▸ **DATA**:
....

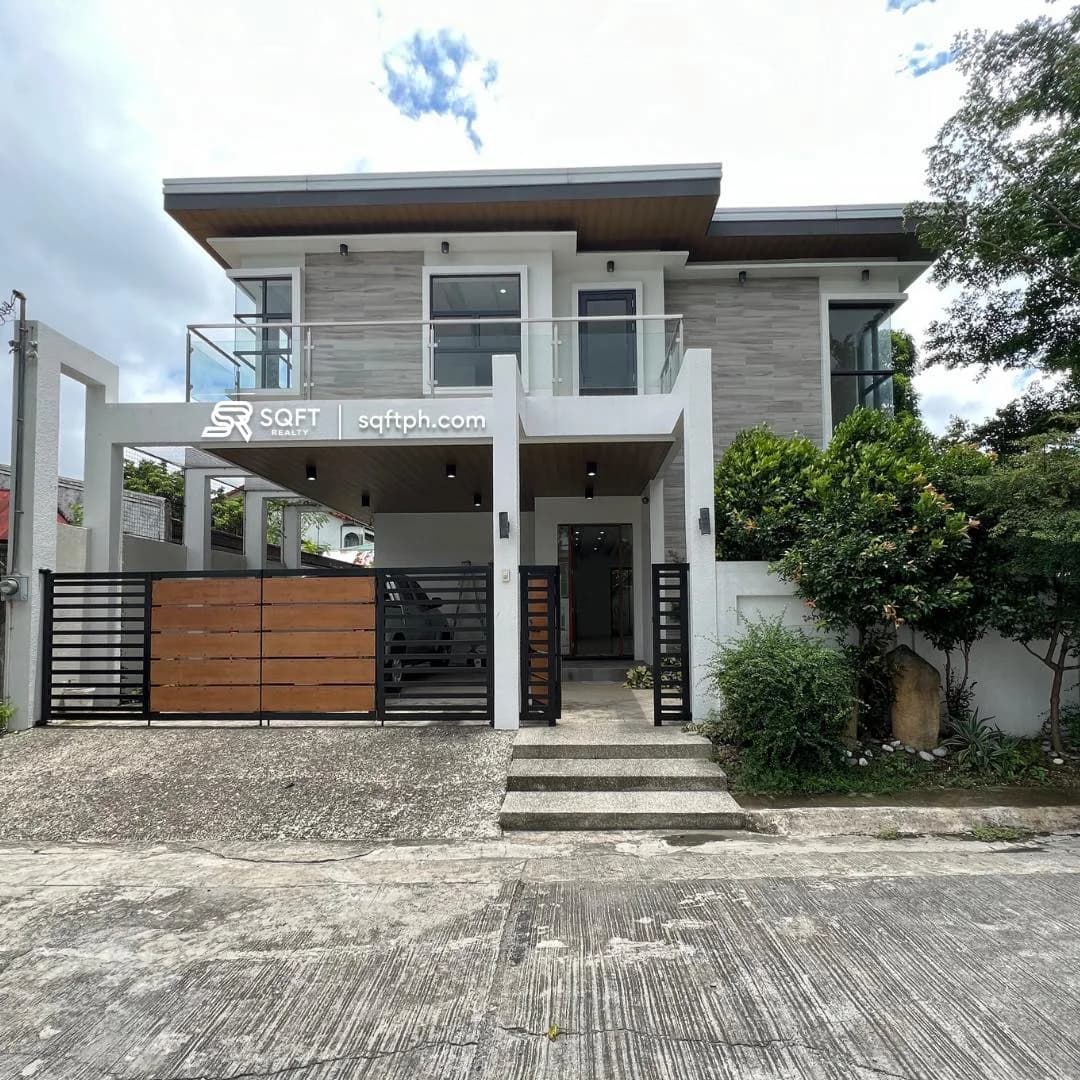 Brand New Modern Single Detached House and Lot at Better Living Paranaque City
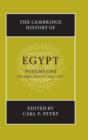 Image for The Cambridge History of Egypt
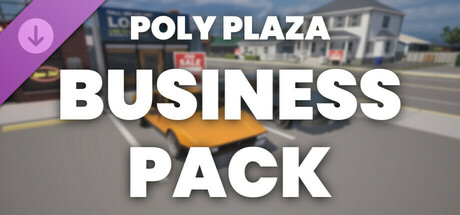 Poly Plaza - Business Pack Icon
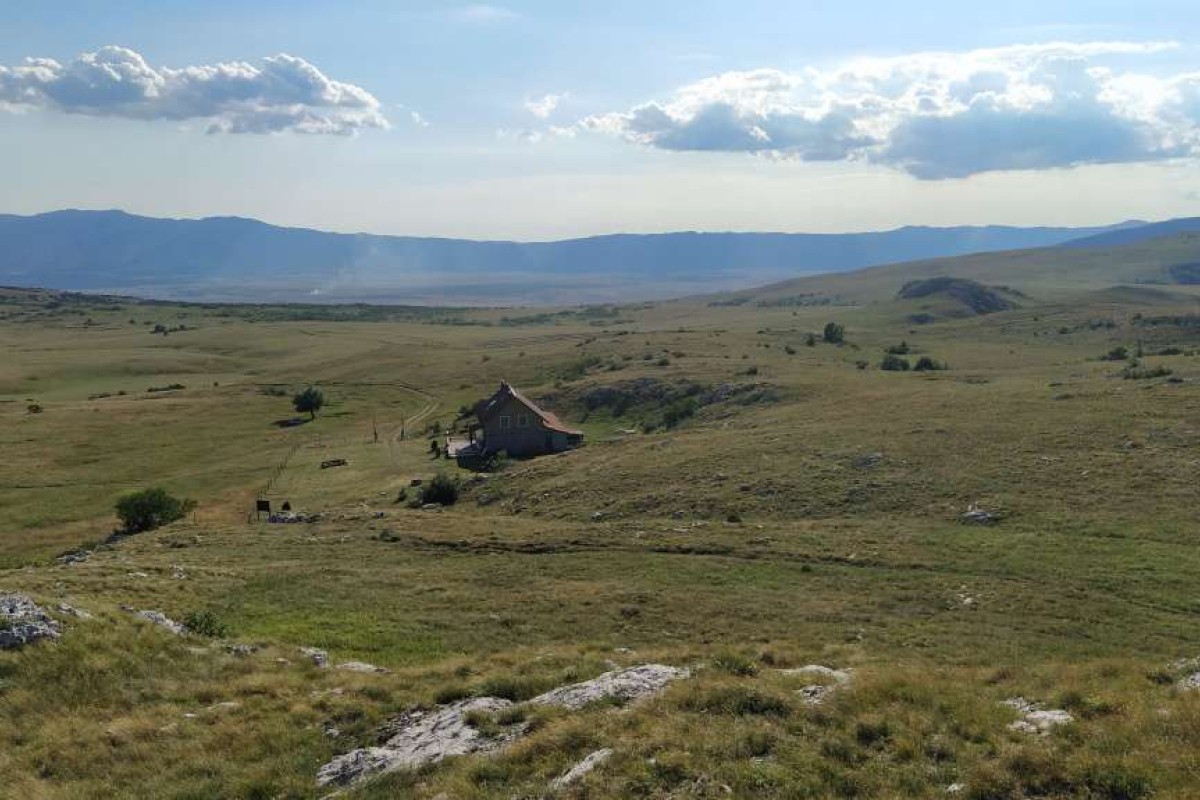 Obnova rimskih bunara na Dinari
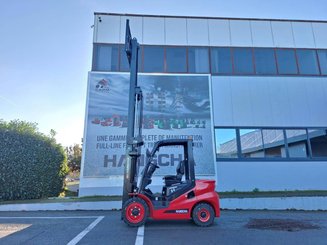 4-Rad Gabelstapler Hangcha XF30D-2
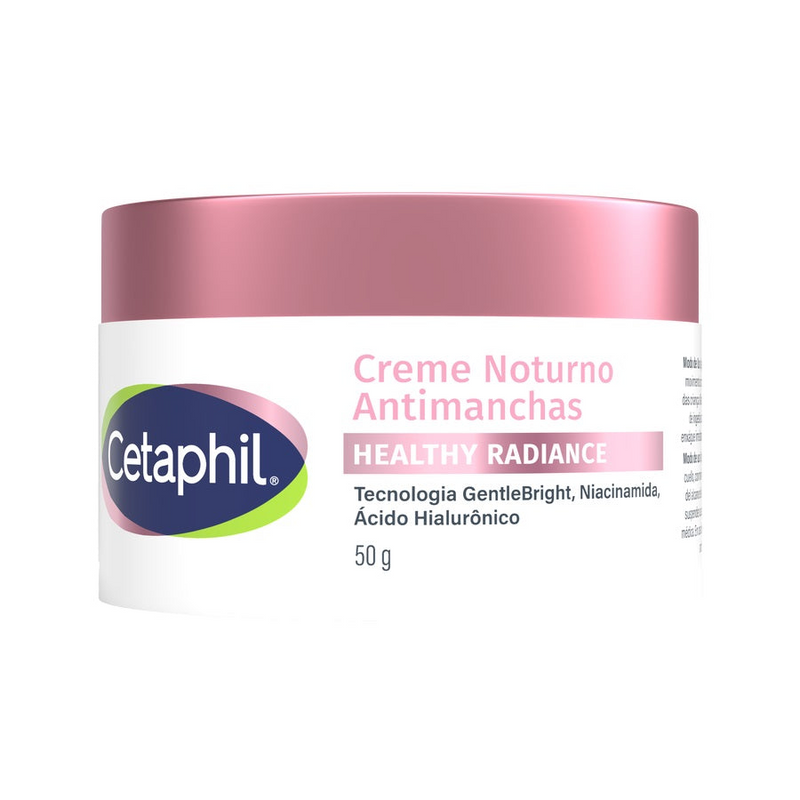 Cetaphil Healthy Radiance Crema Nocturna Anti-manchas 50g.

....

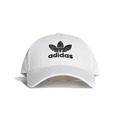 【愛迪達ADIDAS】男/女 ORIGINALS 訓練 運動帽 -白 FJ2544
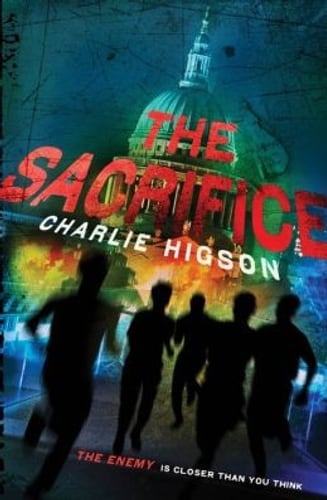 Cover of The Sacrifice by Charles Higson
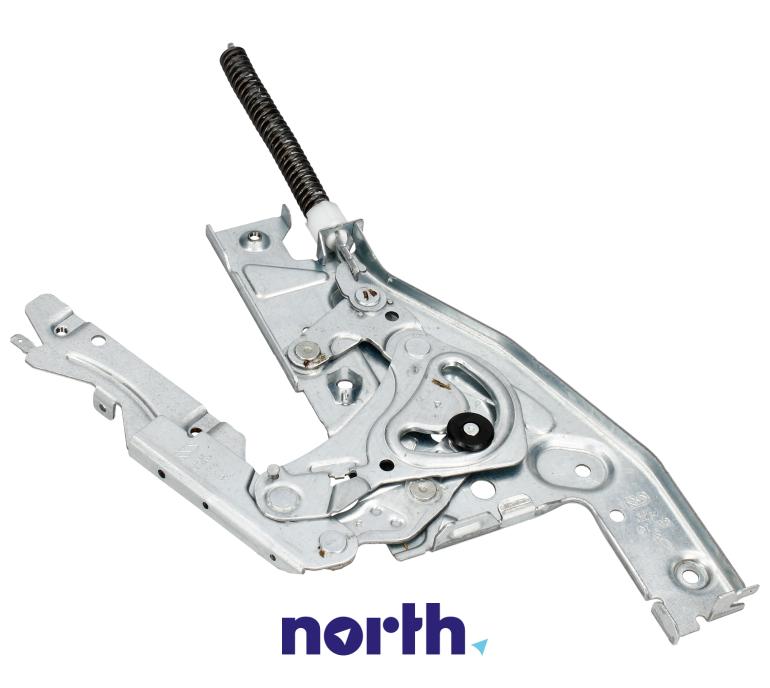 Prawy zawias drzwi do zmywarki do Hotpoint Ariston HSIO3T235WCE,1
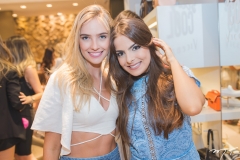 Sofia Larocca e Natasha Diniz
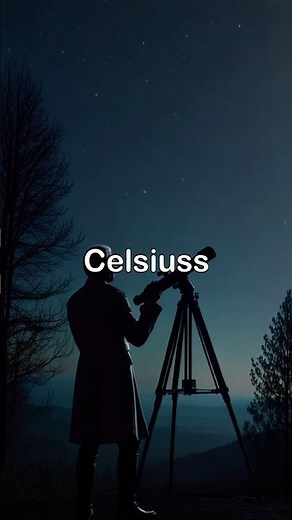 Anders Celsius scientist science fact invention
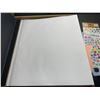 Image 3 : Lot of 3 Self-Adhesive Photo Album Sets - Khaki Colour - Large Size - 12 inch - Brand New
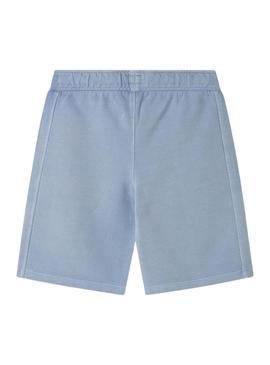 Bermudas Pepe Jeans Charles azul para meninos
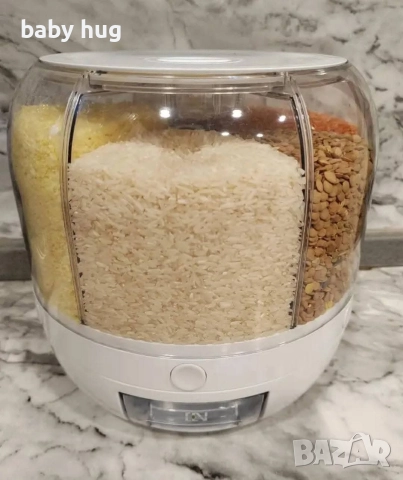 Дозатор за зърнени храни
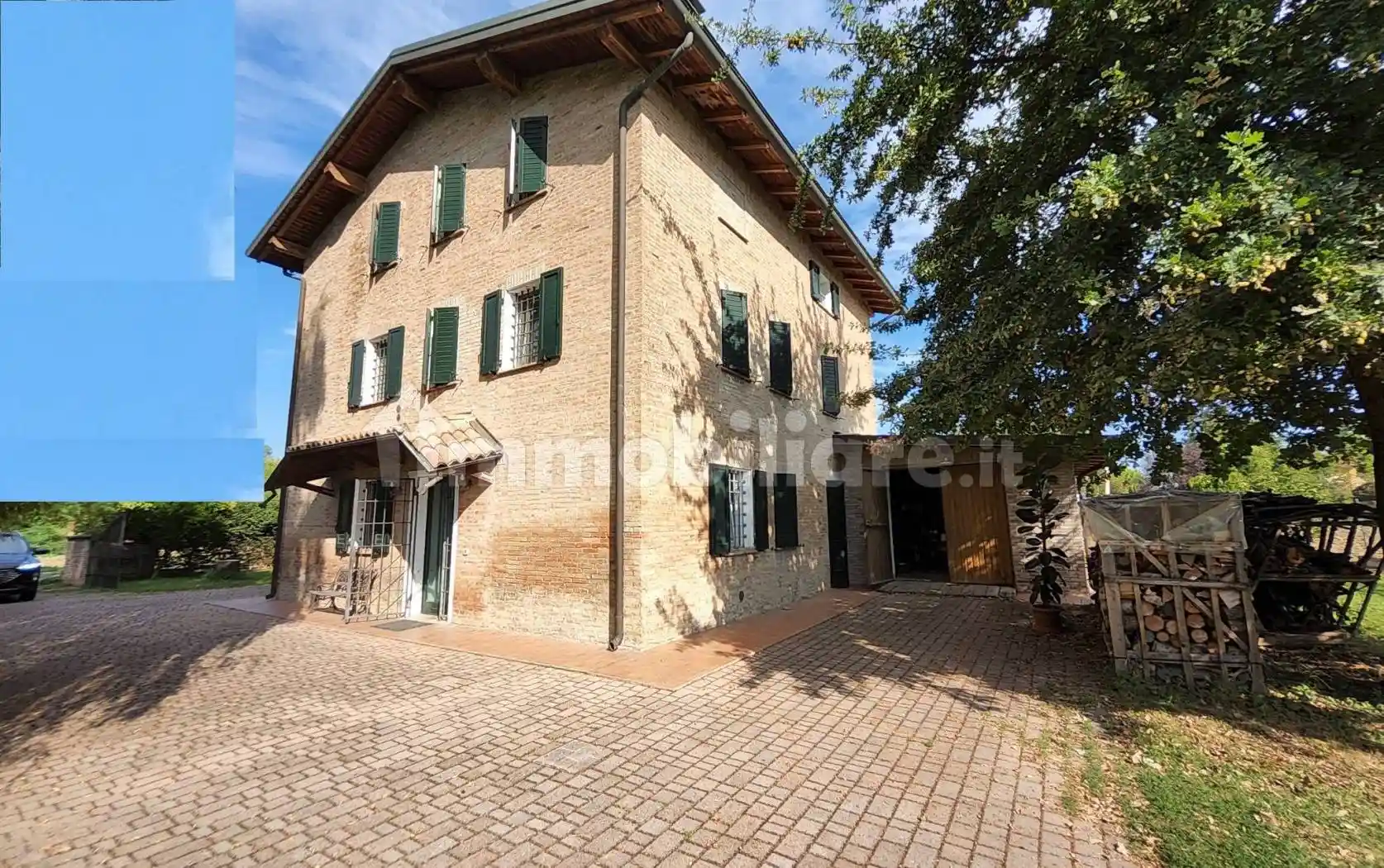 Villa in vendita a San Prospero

....

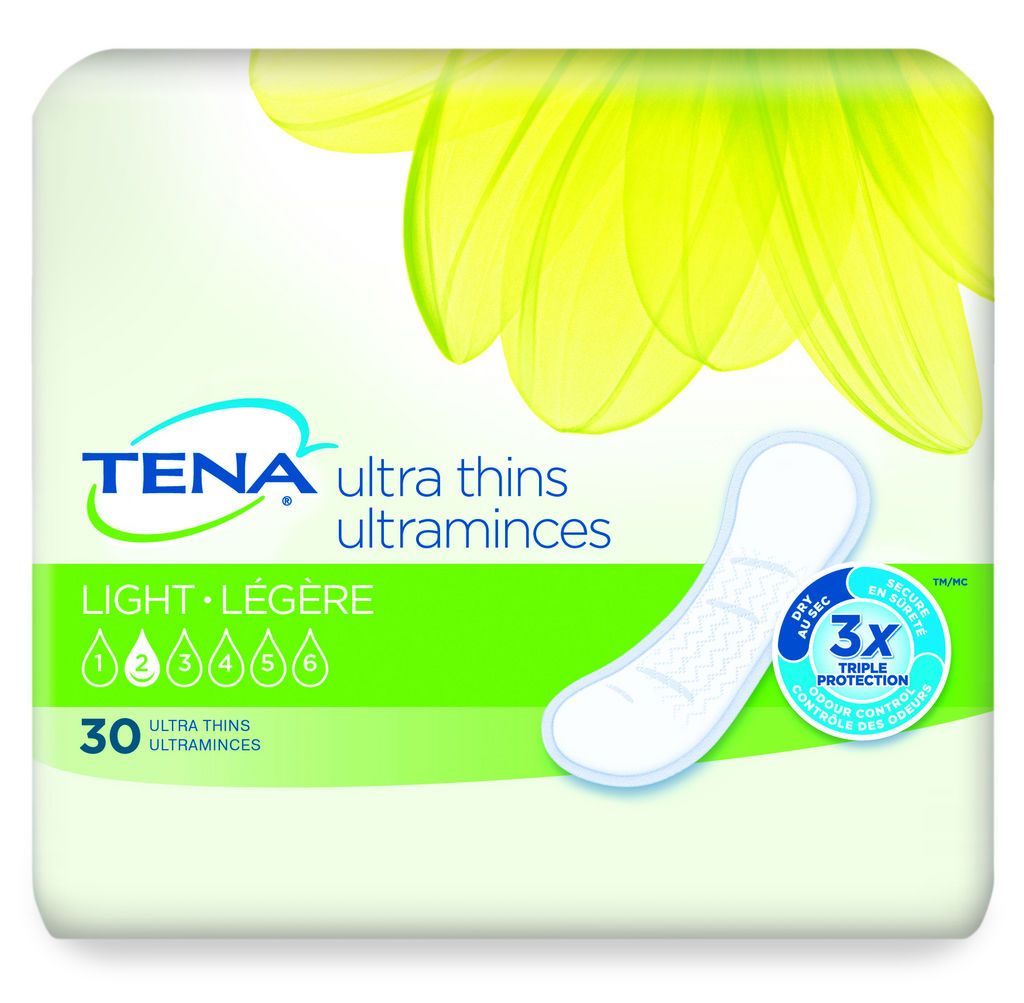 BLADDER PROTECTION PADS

....

▸ **TASK ITEM**: With the pictures removed from your copy, retype the lines above from the one that contains "Anders Celsius scientist" through the one that contains "Villa in vendita a San Prospero", exactly.

▸ **TASK SOLUTION**:
 Anders Celsius scientist science fact invention
 Image 3 : Lot of 3 Self-Adhesive Photo Album Sets - Khaki Colour - Large Size - 12 inch - Brand New
 Bermudas Pepe Jeans Charles azul para meninos
 Дозатор за зърнени храни
 Villa in vendita a San Prospero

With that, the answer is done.